にほんご ←→ にほんご & えいご ←→ えいご

 むかしむかし、ある まち に、いろじろ で きのよわい、しんべい と いう さむらい が いました。

 ゆみ も かたな も だめ で、なかま からは こしぬけ よばわり されていました。

 さて この まち に、もと は まちいちばん の ちょうじゃやしき だった の ですが、

 いま は あれはてて ゆうれい が でる との うわさ の やしき が ありました。



 ある ひ、なかま の さむらいたち から、

「どんな に つよい さむらい でも、ひとばん と おれん と いうぞ。

 おぬし なんか、もん を くぐる こと さえ も できまい。あはははははっ」

と、ばか に された しんべい は、

「そこまで いわれて は、なに が なん でも とまって やるわ!」

と、いえ に かえって はらごしらえ を すると、おっかなびっくり ゆうれいやしき へ でかけて いきました。

 くさ が ぼうぼう の にわ に はいっていく と、さっそく ひとだま が にし と ひがし から ひとつ ずつ、すすーっ と とんで きました。

「うひゃーっ、ひとだま が ふたつ も!」

 しんべい は にげだしたい のを がまん して、おそるおそる やしき に はいりました。

 やがて、ろうそく の ひ が ひとゆれ した かと おもう と、

「うらめしやあ・・・」

と、かみ の ながい おんな の ゆうれい が、ぎん の おかね の はいった はこ を だいて あらわれました。

「で、でたー!」

 しんべい が ふるえあがり ながら も なんとか こらえて いると、カギ を て に した おとこ の ゆうれい も あらわれ ました。

 だんじょ の ゆうれい が いっしょ に でてくる なんて、よほど の わけ が あるのでしょう。

 しんべい が おもいきって、わけ を きいてみると、

「わたしたち ふたり は、この やしき で はたらいていた もの どうし です。

 けっこん の やくそく を した の ですが、しゅじん が それ を ゆるして くれません」

と、おとこ の ゆうれい が かたり はじめました。

「そこで やしき の おかね を もちだして、よそ の まち へ にげて くらそう と したのですが、

 しゅじん に みつかってしまい、ふたり とも きりころされて しまいました。

 そして べつべつ の ところ に うめられ、いま も そのまま なのです。

 わたしたち は その うらみ から、やしき の しゅじん に たたって やりました が、いまだ に じょうぶつ できません。

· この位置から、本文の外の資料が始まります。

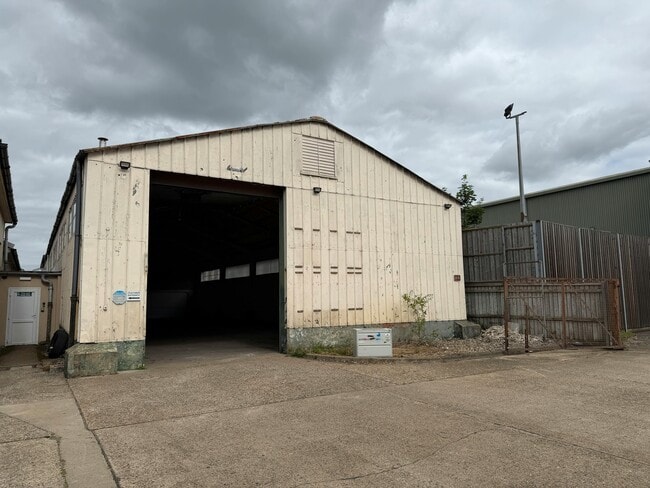 More details for Ministry Rd, Thatcham - Industrial to Rent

 どうか この おかね で おぼうさん を よんで、じょうぶつ させて ください」

「・・・そうだったのか。わかった」

 しんべい が ひきうける と、だんじょ の ゆうれい は ひとだま に なって、すーっ と でていきました。

 ざしき には ぎん の おかね が ずっしり はいった はこ と、その はこ の カギ が のこされています。



 あくるあさ、しんべい は ゆうれいやしき の できごと を てら の おしょうさん に つたえて、ふたり の くよう を して もらいました。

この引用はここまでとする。